Take a look at this picture:


The top part, the known-unknowns, are what we deal with in normal project management. You may see them separated out in this second picture below.


If the probability is high enough we consider them facts and plug them into our project plan, if the probability is lower than “enough” we might do “risk management” and put them into a risk register. We decide which is which (the split) based on what we defined as: “the probability is high enough…”. That is pretty vague.

These two figures are trying to tell at least two basic things:

  1. The split between what we deal with as risks in projects and what we deal with as facts, is actually subjective and based on assumptions and on our personal/corporate risk tolerance levels.
  2. We are not looking at the whole bottom part of the picture (i.e.: the unknown-unknowns). Practically not at all.
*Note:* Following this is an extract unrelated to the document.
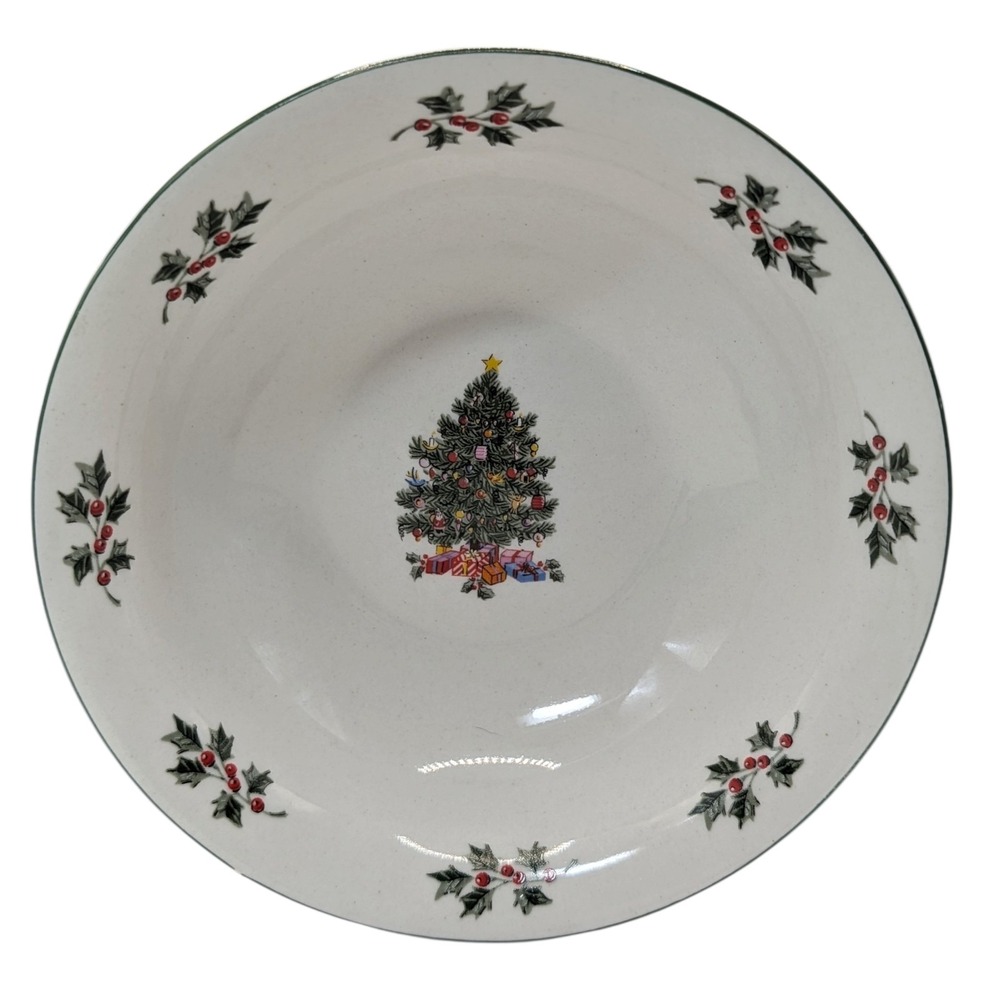 Gibson Noel Morning Soup Bowl Christmas Tree and Holly Holiday Vintage SEE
In the best cases we create some sort of percentage allocation for “unexpected events”.

In reality there are ways to deal with both these points. You have probably heard the expression: “Risk management is actually project management for grown-ups”. Acknowledging our over-reliance on the so called “illusion of certainty”, may be a start, and may help us in getting beyond dealing only with certainties: death… and taxes.